Bug 689416

Summary: Storage driver should flush host cache after cloning volumes to avoid possible data loss
Product: Red Hat Enterprise Linux 6 Reporter: Daniel Berrangé <berrange>
Component: libvirtAssignee: Michal Privoznik <mprivozn>
Status: CLOSED ERRATA QA Contact: Virtualization Bugs <virt-bugs>
Severity: medium Docs Contact:
Priority: high    
Version: 6.1CC: dallan, dyuan, eblake, mzhan, nzhang, veillard, yoyzhang
Target Milestone: rc   
Target Release: ---   
Hardware: Unspecified   
OS: Unspecified   
Whiteboard:
Fixed In Version: libvirt-0.9.4-5.el6 Doc Type: Bug Fix
Doc Text:
Story Points: ---
Clone Of: Environment:
Last Closed: 2011-12-06 10:58:03 UTC Type: ---
Regression: --- Mount Type: ---
Documentation: --- CRM:
Verified Versions: Category: ---
oVirt Team: --- RHEL 7.3 requirements from Atomic Host:
Cloudforms Team: --- Target Upstream Version:

Description Daniel Berrangé 2011-03-21 12:41:30 UTC
Description of problem:
After reading this thread:

  http://www.mail-archive.com/qemu-devel@nongnu.org/msg59049.html

It seems like, for extra safety, libvirt's storage driver ought to be calling fdatasync(fd) after creating any storage volumes (particularly if doing volume cloning) to ensure the new volume is committed to underlying storage. It seems like the current code allows for potential data loss to the newly created volume upon host crash.

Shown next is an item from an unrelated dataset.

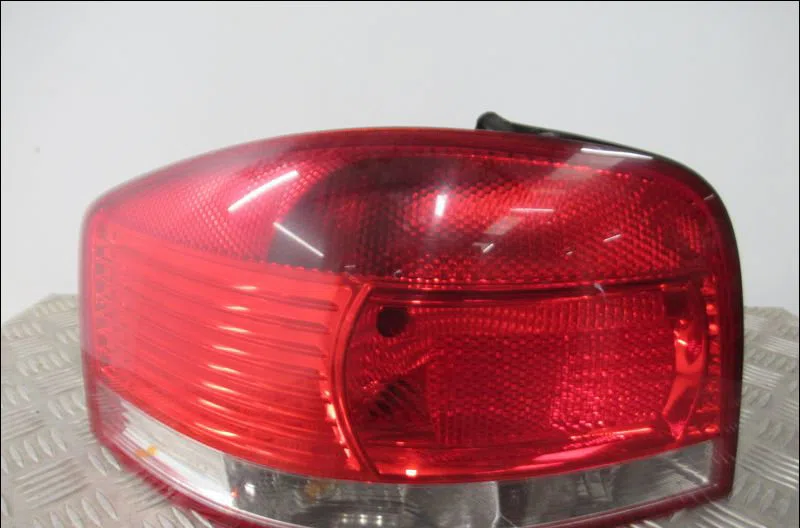 Feu arrière gauche Audi A3 (8P1) 2.0 tdi 16v quattro (2004-2012) 3 portes occasion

Alternatively, we might want to use O_DIRECT when initializing storage volumes with explicit data writes.

Version-Release number of selected component (if applicable):
libvirt-0.8.7-11.el6

How reproducible:
Unclear, possible data loss from new storage volume if host crashes immediately after the volume has been copied.

Steps to Reproduce:
1. Create a new raw volume in libvirt, cloning data from an existing volume
2. Kill the host non-gracefully
3. See if data is still present in new volume after reboot.
  
Actual results:


Expected results:


Additional info:

Comment 2 RHEL Program Management 2011-04-04 02:06:05 UTC
Since RHEL 6.1 External Beta has begun, and this bug remains
unresolved, it has been rejected as it is not proposed as
exception or blocker.

Red Hat invites you to ask your support representative to
propose this request, if appropriate and relevant, in the
next release of Red Hat Enterprise Linux.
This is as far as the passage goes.